From: Martin J. Bligh (Martin.Bligh@us.ibm.com)
Date: Tue Apr 09 2002 - 20:17:16 EST


>> You want to fix 80000 printks? Be my guest ... I await your patch eagerly.
>> If you mean changing printk with a wrapper to help clean up the existing
>> mess in an automated fashion, that's exactly what's being proposed.
>
> how nice of you to say so.

You're welcome ;-)

> As to automating, I don;t believe it can work. You will be adding volume
> to the log, making the log processing more complicated, a replay of EES.

OK, I think we both agree there's a problem with the current subsystem.
Larry and I discussed the problem and think we have a low impact way
of improving the current situation, giving the customers that require a
robust, detailed logging system what they want (by turning on a config
option) whilst having pretty much 0 impact to the rest of the community.

In my mind, this should make everone happy. You obviously have some
issue with this - as far as I can tell, that seems to be tied to your concepts
of EES (for those that don't know, EES was Dynix/PTX's "error event subsystem"
or some such name). This is not EES, nor ever will be - EES's major design flaw
was that it pervasively invaded everything throughout the kernel, requiring
every equivalent of printk to be changed to a complex log event. It also took
away the existing subsystem equivalent to what ends up in /var/log/messages,
breaking logging parsing scripts. Nobody (that I know of) is proposing doing any
such thing to Linux. On the other hand customers liked the new more powerful
ability to search the error scripts, and automatically generate events from that,
such as email, paging, etc. FWIW, I was the Sequent customer service rep for EES.
We are trying to get for Linux the benefits of EES without the associated pain.

In more specific reply to what you said, we'd be adding volume to the evlog
*if* you turned evlog on, making log processing more complex *if* you turned
evlog on, and this is not EES. This gives people who want evlog that functionality,
and people who don't want it no change. If people object to buffering the normal
printk per line, we don't have to do that. That was a side observation, not a critical
part of this - in fact if it's not fixed, it just provides one more reason for people to
use evlog.

>> > Evlog side-by-side with printk adds significat bloat.
>>
>> To what? A kernel with event logging switch on? Sure.
>> But if you don't want it, don't turn it on. If it's a config option, I don't
>> see why anyone would care.
>
> The poor sod who has to maintain this stuff.
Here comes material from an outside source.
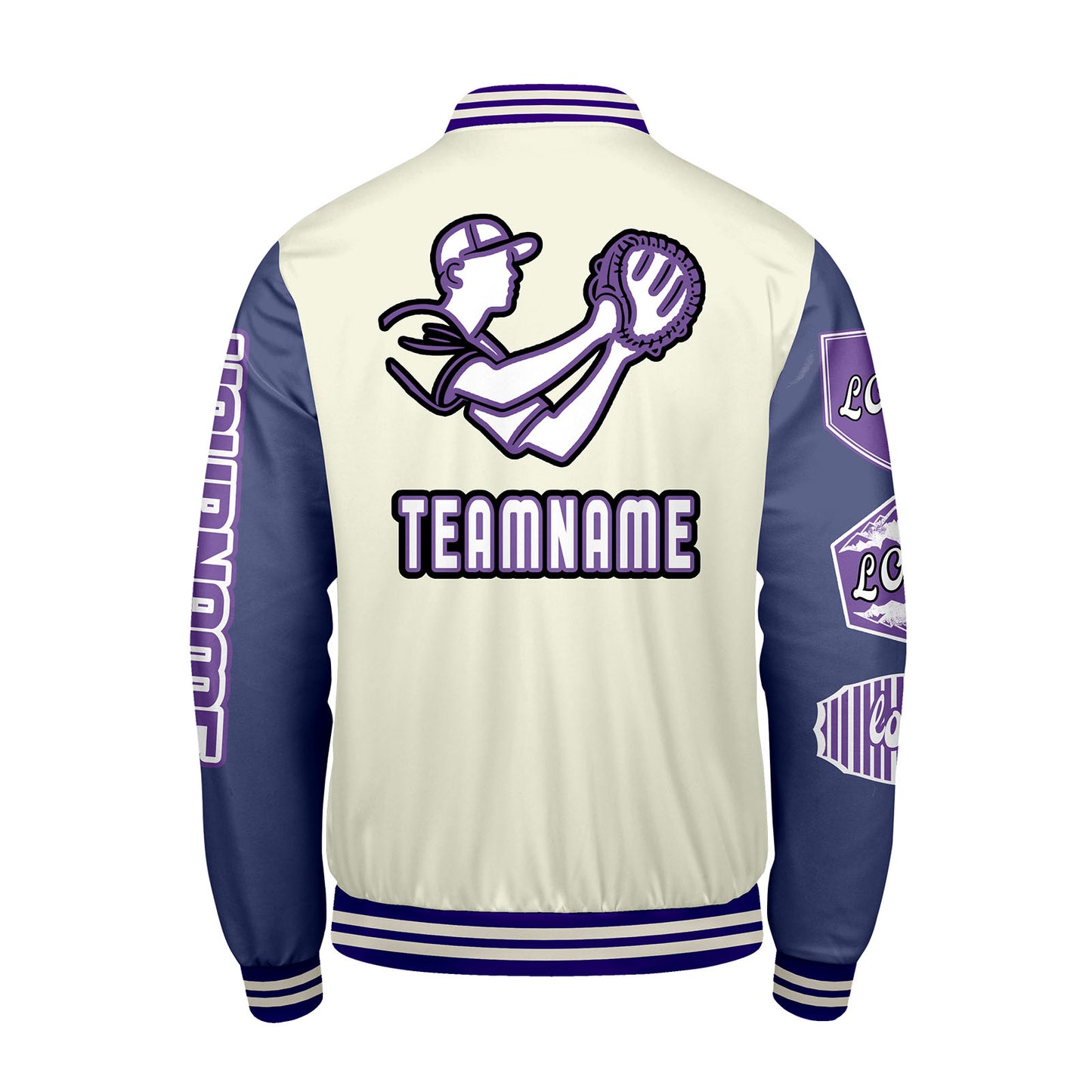 Custom White Purple Letterman Varsity Jacket Personalized Embroidery Printing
Those people are the exact same people who are proposing it. IBM, and the
large group of customers who want this functionality are unlikely to dissappear
overnight, I feel. They will maintain this subsystem - we're not asking you
personally to do it.

>> Indeed. That's because the kernel has more context, and can trivially
>> log the information it has, rather then reverse engineering it from user space.
>> Why munge all the messages to post them through a tiny little formatting
>> hole, and then try to unmunge them all again on the other side with a
>> bunch of hokey scripts?
>
> Information that only the kernel has is not what I'm talking about, it
> is all the stuff to make it easy to parse and collate, it has to be
> possible, not necessarly easy.

As I've stated before, I don't think it's a good idea to change the current
/var/log/messages format unilaterally - we'd never get agreement from
everyone to do it, and I wouldn't want to even if we did - it'd make an
unreadable mess of a simple text file. I prefer to make things easy, not
just possible. Are you disagreeing with the information that is being
proposed to log, or just that you want all that stuff dumped into dmesg
and /var/log/messages (via the limitations of syslog)?

>> If we had a more structured log format, it'd be a damned sight easier to
>> write automated tools to parse through them, and actually do something
>> useful with that 99%. Been there, done that.
>
> What? generate reports that will be munged for statistics that will be
> quoted in endless management meetings.

No, generating useful tools for real customers on critical systems that
alert them when certain errors occur.
  
> But you could get 90% of the advantage for much less effort by fixing
> the problems with printk/klogd without implementing yet another
> subsystem.

I disagree - I think you'll make an unwieldy ugly mess of the existing
subsystem, and piss everybody off. The evlog stuff is self-contained.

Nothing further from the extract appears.